Older savers were more likely to have a PoA, with 31% of those aged between 75 and 84 appointing an attorney, falling to 24% of those aged between 65 and 74.
Paragon’s findings, based on a study of over 1,500 savers, found that younger age groups fall away significantly – with just one in four (10%) savers aged between 55 and 64 having a PoA.
The main reasons cited by those without a PoA included not needing one (61%), not having enough information about PoA (18%) and not wanting to lose control of their finances (17%).
Those with PoA in place were most likely to select a child or children to be their attorney, selected by 52%, followed by a spouse (43%). Meanwhile, 6% of savers had chosen a professional, such as a lawyer or accountant, with a similar proportion also choosing a sibling. A smaller proportion chose a friend (4%).
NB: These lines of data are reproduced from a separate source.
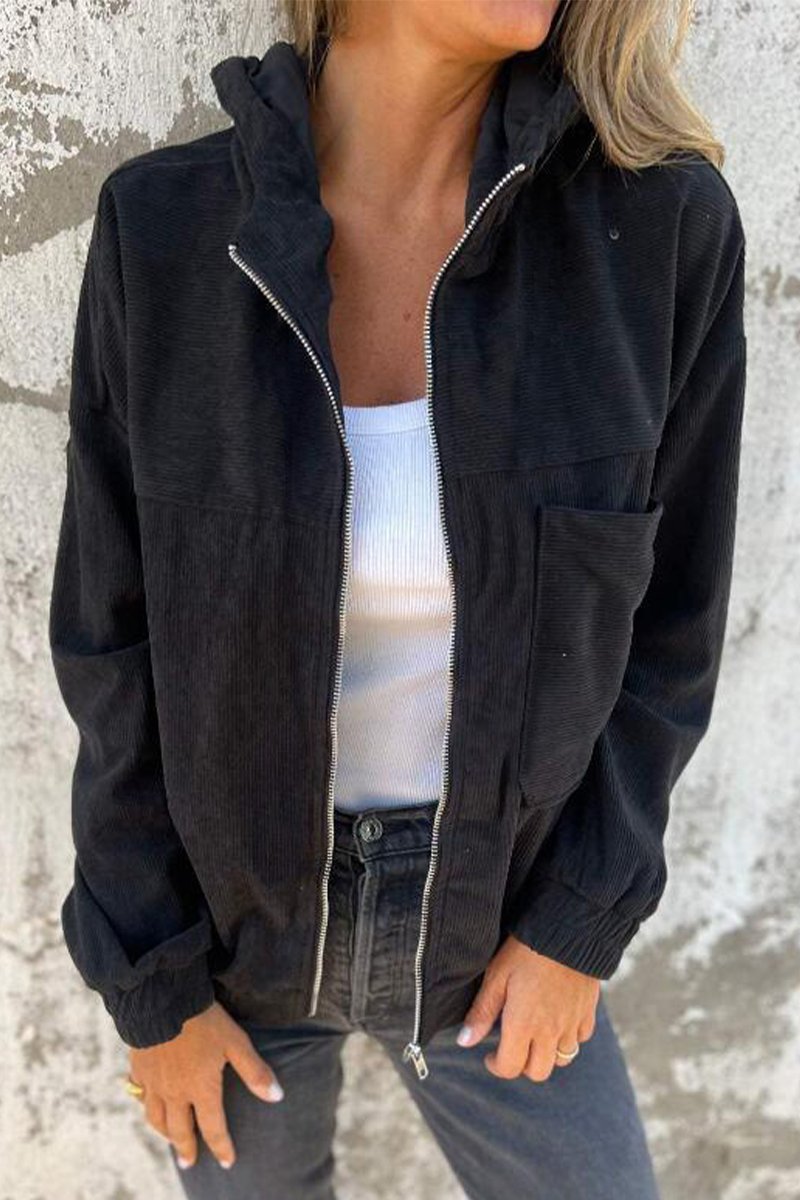 Stylish Hooded Zipper Jacket with Convenient Pockets
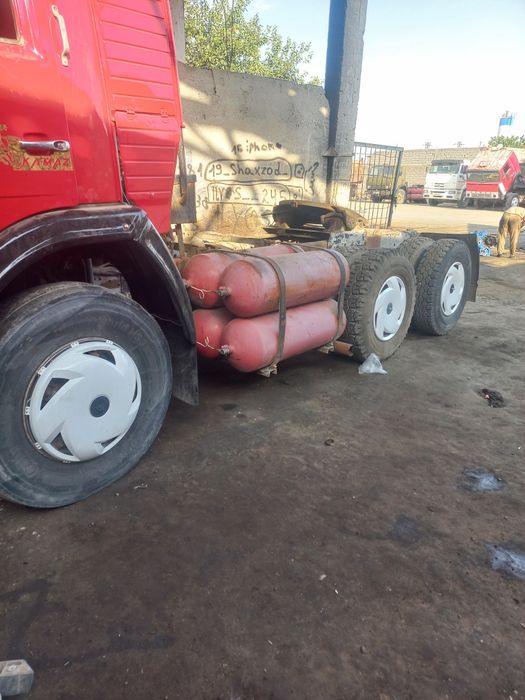 Kamaz tegach sotiladi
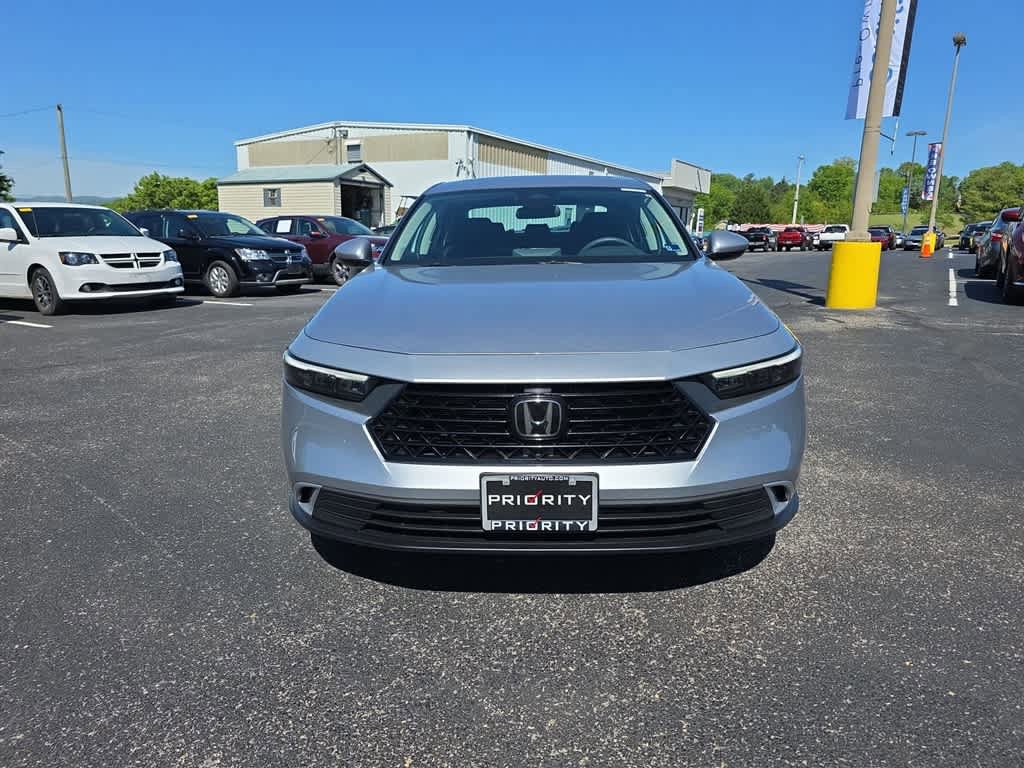 Used 2023 Honda Accord EX image 4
Savings service delivery director, Paragon Bank, Chris Williams, said: “Nobody wants to think about a time when they might not be able to manage their affairs, but appointing a trusted PoA provides a safety net for those unforeseen situations when looking after your finances may become too difficult.
“Appointing a PoA is a sensible practice for savers of any age, but it becomes increasingly important as you mature. Often, it’s only precautionary and most savers don’t ever have to use it, but it’s an important safety net in case you are ever in the position where you can’t handle your own finances.”